Second episode and we see the show starting to work through its growing pains. Not great or flawless, but not a bad show either. We’ll start with the missteps so we can end on a positive note.
Things that bugged me this episode:
- I did like the title screen, if they had cut out the “hell close up” and left just the symbol, name, and flames backed by a pretty kick ass score. In some ways the title is indicative of the episode. When it’s being subtle and letting you do the work of noticing, it’s good. When it acts a bit afraid that the viewer won’t catch something cool/neat, it stumbles a bit and overplays its hand.

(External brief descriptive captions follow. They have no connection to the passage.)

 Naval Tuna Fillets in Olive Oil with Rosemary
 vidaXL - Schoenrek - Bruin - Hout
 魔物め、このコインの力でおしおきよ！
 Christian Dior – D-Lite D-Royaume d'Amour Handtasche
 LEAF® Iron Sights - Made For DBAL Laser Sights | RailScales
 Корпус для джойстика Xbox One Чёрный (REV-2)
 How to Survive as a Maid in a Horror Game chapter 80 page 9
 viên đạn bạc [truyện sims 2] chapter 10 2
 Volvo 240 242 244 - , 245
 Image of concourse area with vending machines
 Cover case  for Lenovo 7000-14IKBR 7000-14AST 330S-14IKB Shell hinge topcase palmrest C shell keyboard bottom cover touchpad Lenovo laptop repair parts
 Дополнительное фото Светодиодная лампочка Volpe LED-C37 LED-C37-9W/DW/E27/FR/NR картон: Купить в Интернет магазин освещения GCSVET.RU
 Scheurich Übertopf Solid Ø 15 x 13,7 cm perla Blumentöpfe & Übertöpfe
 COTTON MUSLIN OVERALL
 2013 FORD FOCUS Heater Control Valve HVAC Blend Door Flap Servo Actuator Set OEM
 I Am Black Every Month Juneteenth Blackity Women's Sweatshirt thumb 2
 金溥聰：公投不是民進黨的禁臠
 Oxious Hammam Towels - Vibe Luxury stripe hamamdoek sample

- One thing about these shows is that you do have to be sure that everything makes sense once the mystery is finished and the audience thinks back over it (because you should want the audience to remember and think about what you’ve done. While part of my problem could be that I have hearing difficulties and missed some things in the dialog (which is very easy when people are speaking with accents AND saying made-up words), I never grasped why the villain of the weak summoned the things she did or targeted who she did. Much less why there was the “ghost” kind of thing in the church. Other than being a generally bitter, angry woman [insert hackneyed gender joke here], her motivation wasn’t well established.
- Another TV show tries to deal with faith. *sigh* Which it never does well except in a very generic, hallmark-card style that’s either insulting or boring to those of us that are actually religious. There was enough going on in this episode (establishing the world, new character, etc) that they didn’t need to tack on a deeper, more complex topic on top of it. Though one does have to wonder what kind of priest gets their faith back after playing with explosives…
- Some of the scenes between Zed & Constantine reeked of “trying to hard”. Guys, it’s your second episode. Don’t worry about romantic tension and will they/won’t they until you get your characters established.
Things I liked this episode:
- We got to see more of that magical cabin interior which is still one of my favorite interior sets.
- In fact, though one can tell this was a bit of a “bottle show” after a budget-breaking premiere, the set designers and practical effect guys did a really great job. The small, mining town house actually felt and looked like a real, small house and not the overly-large domiciles that sometimes populate these things. I also enjoyed the moment of filling the car with liquid. The effect looked practical so kudos and suitably freaky-creepy.
- Matt Ryan (who was born the same year as me) seems to be settling into his role a lot more now and his earnest/snarky behavior mix felt much more natural. I especially enjoyed the scenes where he’s trying to give a cover story, wishes he didn’t have to, and half calls people out on making him do so when they know the truth too. Heck if this guy showed up and told me MY workplace was haunted, I’d believe him (and not just because my workplace is in one of the city’s oldest buildings). Side Note: Going back to my complaint about the rules of magic in my first episode review, I must admit I’m torn over Constantine’s solution at the climax of this episode. Seems rather… too easy that one could call up a ghost without even the slightest Latin. On the other hand, [actor] is so forceful in his delivery one can believe ANY ghost would show up after being called by him. Heck if he told me to give him my pizza I probably would.
- EXPLOSIONS! Yeah, I like explosions. So what?
- It was a nice twist that the beings themselves weren’t evil, but being forced to do evil things by an outsider. It’s not often in these shows that we see a peaceful solution where one just has to remind the monsters of who they really are.
- They maintain the running gag of “master of the dark arts” from the premiere but keep it just subtle enough that it doesn’t become annoying.
So all in all, the show still has some bumps it needs to smooth over but I’m digging it so far and looking forward to the next episode.